* _MATERIAL FOR THIS EXERCISE_

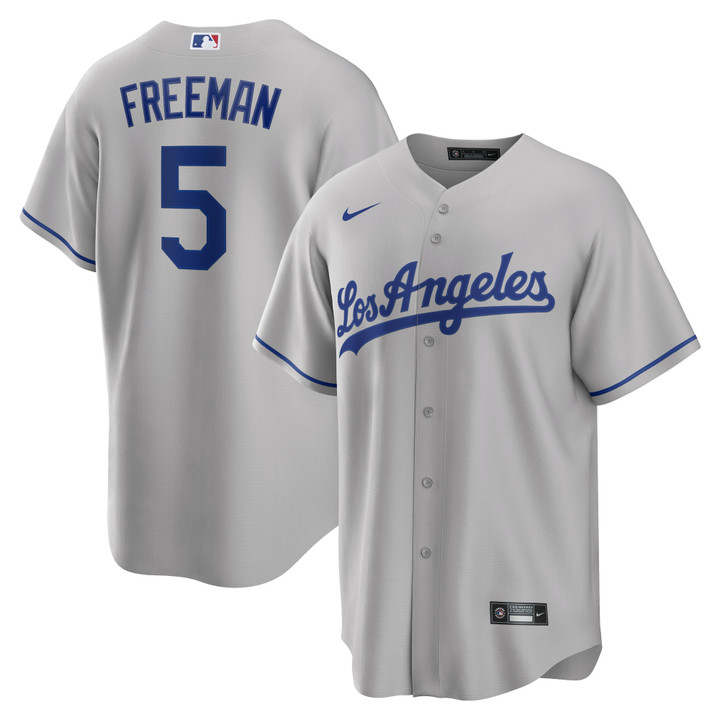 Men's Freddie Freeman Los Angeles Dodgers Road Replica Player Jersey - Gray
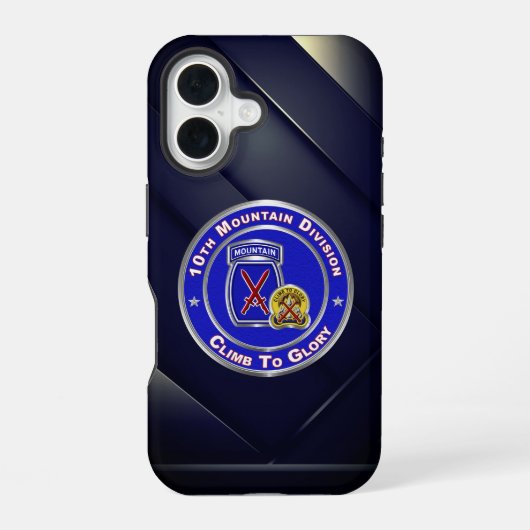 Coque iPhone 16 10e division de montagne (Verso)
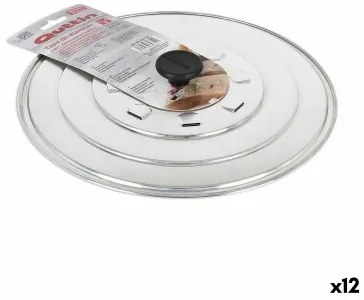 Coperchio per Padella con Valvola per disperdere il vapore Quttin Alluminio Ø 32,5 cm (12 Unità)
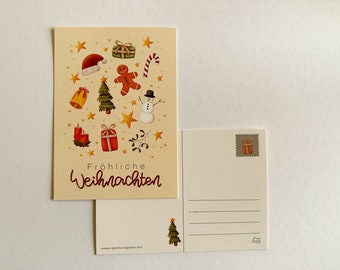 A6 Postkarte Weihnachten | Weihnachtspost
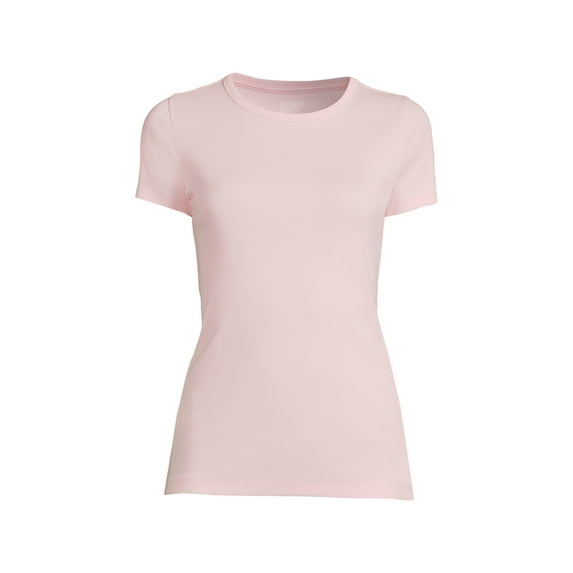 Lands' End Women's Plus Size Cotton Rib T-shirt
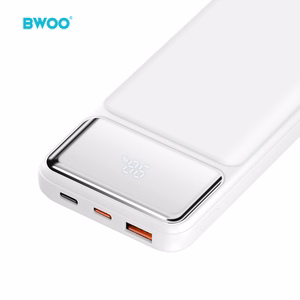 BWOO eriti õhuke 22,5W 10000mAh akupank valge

* _PROBLEM_
Leave the pictures out and transcribe the remaining material exactly.

* _SOLVED PROBLEM_
 Men's Freddie Freeman Los Angeles Dodgers Road Replica Player Jersey - Gray
 Coque iPhone 16 10e division de montagne (Verso)
 Coperchio per Padella con Valvola per disperdere il vapore Quttin Alluminio Ø 32,5 cm (12 Unità)
 A6 Postkarte Weihnachten | Weihnachtspost
 Lands' End Women's Plus Size Cotton Rib T-shirt
 BWOO eriti õhuke 22,5W 10000mAh akupank valge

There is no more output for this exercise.